A church in northern Mexico in a city afflicted by organized crime has been outfitted with safety-enhancing features to protect parishioners including a traffic light alert system indicating levels of safety outside and a tall concrete wall in front of the building's main façade.
St. Teresa of Avila, a Catholic church located in the Ciudad Solidaridad area of Monterrey in the northern state of Nuevo Leon has been using the system for nearly two years.
Monterrey, one of Mexico's most prosperous cities, and areas throughout Nuevo Leon experienced a spike in violence linked to drug trafficking in 2010. Over the past six years throughout Mexico more than 60,000 people have been killed in drug-related violence after the nation's president launched a military anti-drug offensive.
When a light located above a door near the church's altar is lit green it indicates that there is no danger. An amber light next to it indicates caution. A red light alerts parishioners to danger from criminal activity near the church, such as a shooting.
Some windows near prayer areas have been partially covered with cement blocks.
The decision to add more security took place after a shooting in April of 2011, Fr. Scott McDermott, a priest from the United States at the church told AFP in a November 2012 report.

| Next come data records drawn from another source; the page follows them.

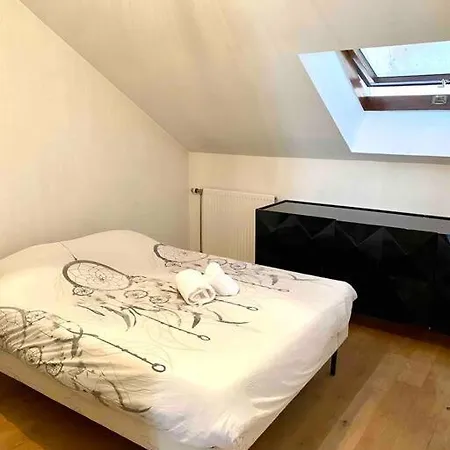 Apartment La Perle Du Thiou - T3 Au Centre D'annecy Avec Parking Prive *
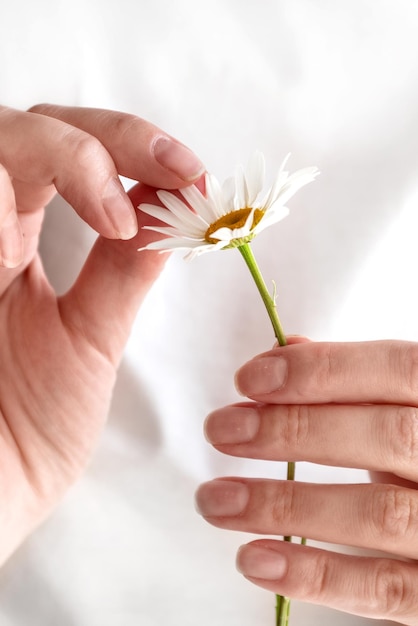 Woman is guessing on daisy flower hands closeup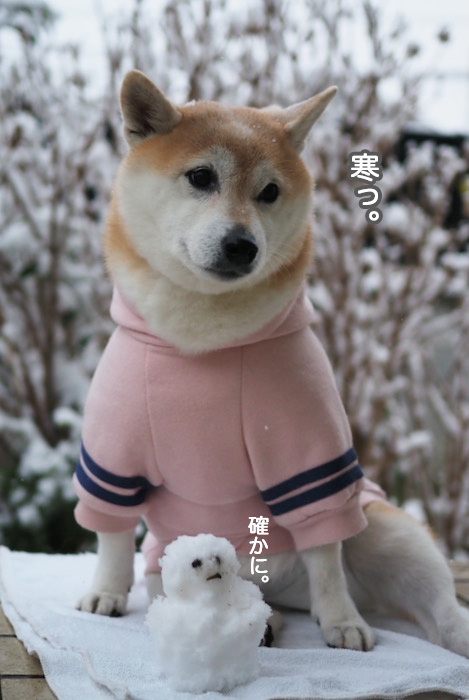 6日夜ブログ１２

He said the shooting caused a crowd of people to attempt to enter the church while those inside didn't know what was going on.
"There was a lot of panic," he said. In addition, he said the parish has also hired eight guards at a cost of 12,000 pesos, or about $900 USD.
He said the wall in front of the church could help protect against grenades or stray bullets.
In addition, parishioners at the rear of the main worship area are able to see posters and signs with names and photos of people who are missing or have been kidnapped.